It has been a long time since the NHS was properly staffed, since people went home on time, or had manageable workloads. It’s been several years since winters were workable. The months from October to March have been referred to so often as a ‘winter crisis’ that the words have largely lost all meaning, It’s been too long since lines of queuing ambulances outside hospitals were not a permanent feature of winter up and down the country.
Staff have been forced to adapt to potentially dangerous rota gaps being the norm, or bed capacity being routinely breached. Expensive private agencies are now routinely relied upon to plug unsafe staffing gaps, and NHS staff at all levels feel both undervalued in their work, and endlessly put upon by a system in a state of perpetual emergency.

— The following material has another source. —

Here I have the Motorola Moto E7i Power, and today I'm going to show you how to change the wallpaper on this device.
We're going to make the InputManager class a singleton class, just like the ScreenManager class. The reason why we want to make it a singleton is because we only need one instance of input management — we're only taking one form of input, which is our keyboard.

The NHS has barely enough staff to cope in normal times. The vacancy rate now stands at over 100,000 and this is predicted to rise significantly as highly demoralised staff decide enough is enough and vote with their feet.
A survey conducted in July by the Royal College of Nursing shows that the percentage of nurses thinking of leaving the profession has increased to 36%. Of those 61% cited pay as a factor, with other factors including the way nursing staff have been treated during the Covid-19 pandemic (44%), low staffing levels (43%), and lack of management support (42%).

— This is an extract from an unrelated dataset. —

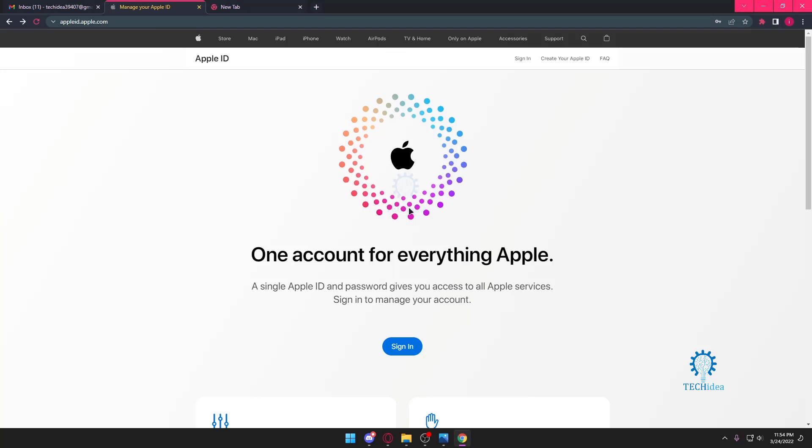Hello everyone and welcome to Tech Idea. Here we show you tutorials and topics that might be helpful to you in one way or the other. Today we're going to be looking at how to create an Apple ID.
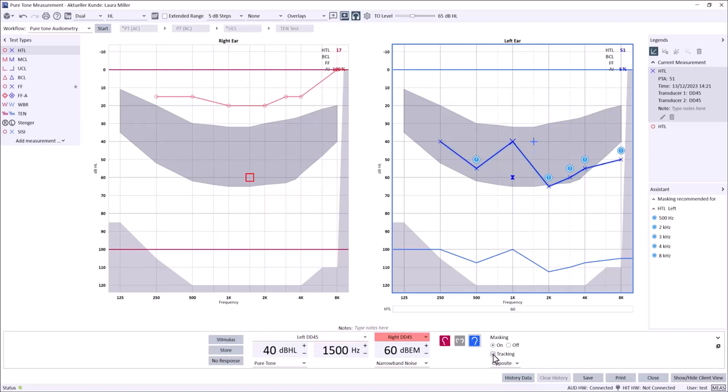To store masked responses, simply select store just as when storing unmasked responses. Once the assessment is complete, select save.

The government consistently refuses to address the root cause of this gaping hole in the workforce – namely better funding for the health service which makes it an attractive place in which to work. Increasing funding to the necessary levels would create capacity in the system, more beds and equipment, better IT infrastructure, research opportunities and career development. A decent living wage would encourage people to come back into the NHS, and make them feel genuinely valued. Rather than looking at root causes for this alarming level of dissatisfaction and seeking to address them, this government has now even stopped the brief respite from parking fees for staff and left the majority of healthcare workers out of a public sector pay increase.

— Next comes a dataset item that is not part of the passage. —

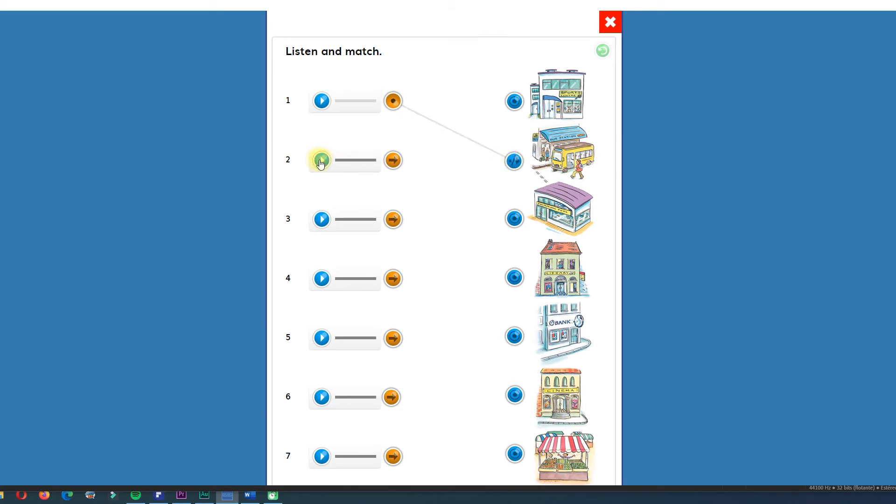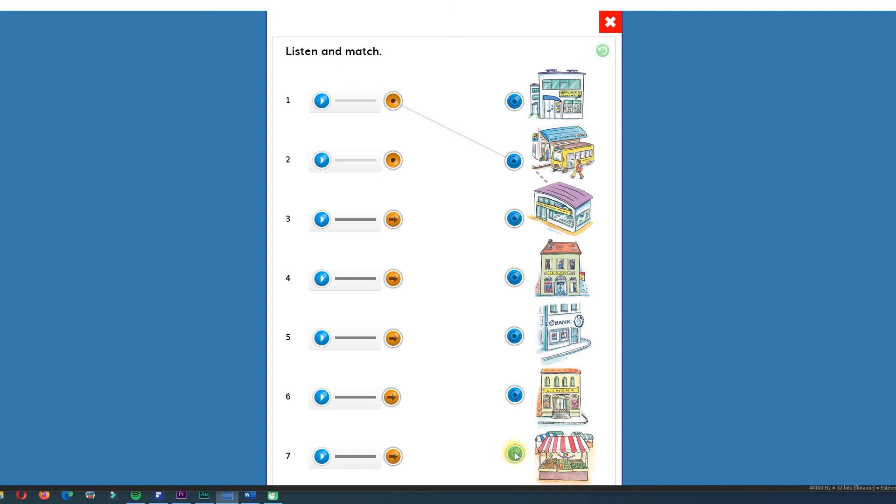Number two. Supermarket. Supermarket. What is the supermarket? Can you tell me? Is this the supermarket? No. This is the supermarket.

At the beginning of the first wave of Covid-19, seven temporary Nightingale hospitals were set up to manage the predicted overspill of COVID patients when established hospital beds reached capacity. There has been much talk about the ingenuity behind these temporary facilities - and admittedly the making possible of these units is to be commended. However, the need for the existence of these urgently-created hospitals is a powerful illustration of how little wriggle-room exists in our hospital system and how resilience has been stripped away by chronic underfunding.
What is not mentioned by the Government, in their self-congratulatory celebration of rapid engineering, is exactly who will staff these temporary hospitals. Dozens of patients with Covid-19 were turned away from the Nightingale hospital in London during the first wave of infection because it had too few nurses to treat them; and this was when the ITUs were at full stretch and the vast majority of routine NHS elective work had been cancelled to free-up capacity in the system.
The beds in Nightingale hospitals total up to 11,500 and this time round, even more than in April, there will be no option but to try to poach staff from established hospitals to operate them, because elective services have so far been told to continue running a ‘normal’ NHS. In the spring, staff were redeployed from non-urgent specialties to work across acute care. Now trusts in England face fines for waiting lists caused by the necessary cancelling of non-COVID work.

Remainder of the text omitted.